De niño, se pasaba los días desbaratando los relojes averiados que su padre abandonaba por la casa, mientras su madre, siempre sentada en el sofá que daba a la terraza, escuchaba con cara de mística acercándose al éxtasis, rutilantes long plays de ópera italiana. De vez en cuando, abría cómplice los ojos y le preguntaba si él también notaba en lo más hondo la belleza de aquellas voces e instrumentos.

Con el paso de los años, se sabía de memoria todas las óperas del repertorio mundial, con los nombres y apellidos de tenores, sopranos, bajos y músicos más destacados. Así, mientras los demás niños cantaban las canciones de su edad o las cantinelas de moda con las que continuamente la radio les bombardeaba, él silbaba arias sublimes y se imaginaba dando el do de pecho en la mismísima Scala de Milán.

Los fines de semana, cuando el padre seguía en el taller de reparación intentando devolverles la vida a relojes centenarios, él mismo escogía un disco y, con aire serio, hacía de jefe de orquesta con tal habilidad que su madre sonreía y, sin moverse del sofá, le decía que se acercara; el beso que le daba estaba húmedo. Seguro que lloraba. A él, no le gustaba verla llorar, pero le encantaba esa sonrisa –ola de felicidad en el Océano tranquilo de su melancolía- y, entonces, volvía una y mil veces, como poseído, a dirigir los coros e indicarle el tempo idóneo a la línea de violines, hasta que su madre, ya rendida a los pies de aquel genio precoz de la batuta, tocaba la hora de ir a merendar.

Hasta que un día, de regreso del Colegio, después de saludar al padre que hablaba con un cliente en el mostrador de la relojería, subió hacia el salón. El sofá vacío amplificaba el silencio de la habitación. Sobre la mesa que lindaba con el ventanal de la terraza, un estuche brillaba, enorme y deslumbrante. Con el corazón en un puño, corrió hacia el dormitorio paterno para dar con el silencio de una soledad de muebles impecables. Se dirigió hacia el taller; su padre, sentado en una esquina con la radio pegada al oído, no supo contestarle. ¿Dónde está mamá? Sobre el estuche, un sobre encerraba algo de lo que nada quería saber. Cuando volvió a bajar para entregarle el sobre al padre, éste seguía con la radio pegada a la cara, unos lagrimones surcaban las arrugadas mejillas como un río que se desborda y la línea fina de los labios brillaba, líquida y salada, sacudida por espasmos de tristeza a duras penas contenida. “¡No sé, hijo!

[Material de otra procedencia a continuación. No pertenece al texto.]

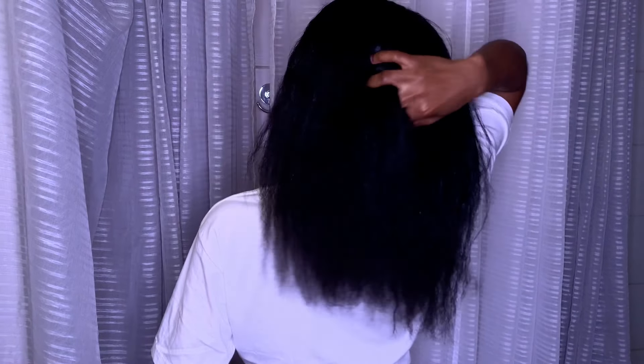Hello beautiful people and welcome back to my channel. My name is Zita, and if you are new to this channel, you are welcome. In today's video, I'm going to be sharing with you how I do my Ayurveda oil at home — or you can call it herbal infused oil at home. It is very easy and simple.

Se fue este mediodía sin decirme nada; la estaba esperando un taxi…”

Ahora entendía lo que significaba la frase que encerraba el sobre del que, aquella tarde de la adolescencia, no quería saber nada y que rezaba así: “Ya eres mayor, hijo. Sé que un día me entenderás y ese día espero sepas perdonarme.” Miró a su padre agonizante y le besó la frente. “Créeme, hijo, yo siempre quise a tu madre y pienso que ella a mí también, a su manera”, murmuró éste apretándole la mano con las pocas fuerzas que a la suya le quedaban. “Lo sé, padre. Lo sé. Todos, siempre, desde siempre y hasta siempre, no somos sino soledades. Tan solo soledades y, desde la mía, créeme papá, yo también te quise, más que probablemente, más incluso que yo mismo nunca lo supiera.”